* Directions
Beginning at the line containing "Photo 11 of", repeat each line below exactly up to and including the line containing "Dans l'épisode numéro". Do not repeat the pictures.

* Information shown
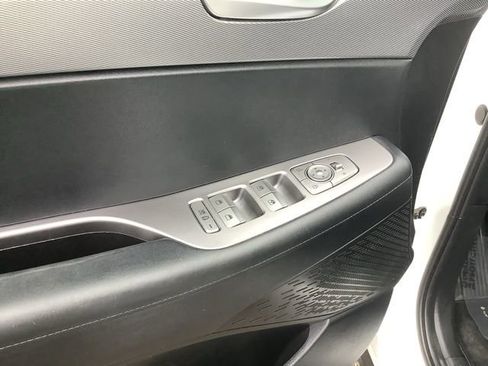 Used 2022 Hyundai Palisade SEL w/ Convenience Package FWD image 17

---

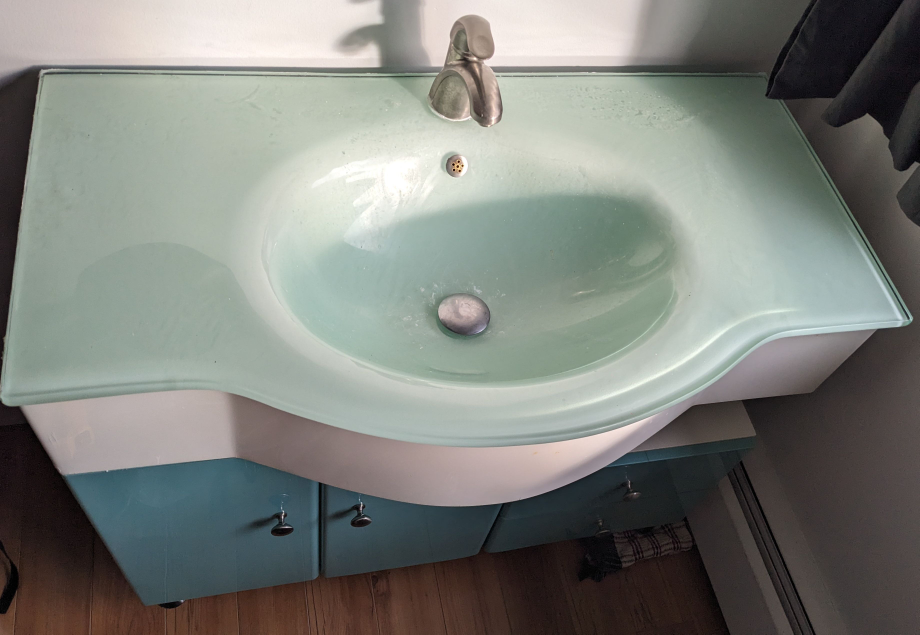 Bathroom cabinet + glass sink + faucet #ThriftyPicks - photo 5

---

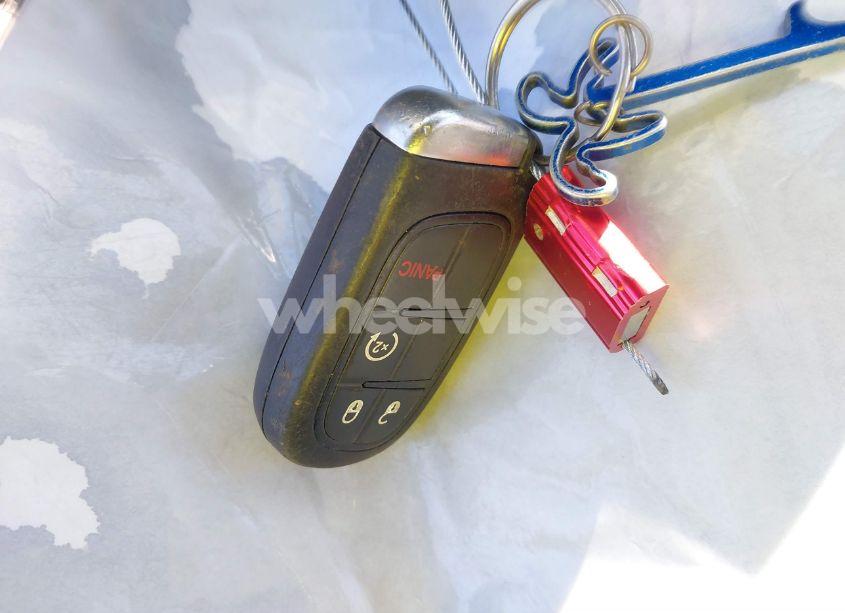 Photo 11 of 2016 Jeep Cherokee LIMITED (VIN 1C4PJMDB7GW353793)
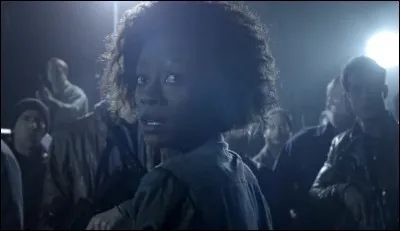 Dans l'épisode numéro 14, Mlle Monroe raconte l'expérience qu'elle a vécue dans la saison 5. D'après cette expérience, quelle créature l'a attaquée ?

* Output of the task
 Photo 11 of 2016 Jeep Cherokee LIMITED (VIN 1C4PJMDB7GW353793)
 Dans l'épisode numéro 14, Mlle Monroe raconte l'expérience qu'elle a vécue dans la saison 5. D'après cette expérience, quelle créature l'a attaquée ?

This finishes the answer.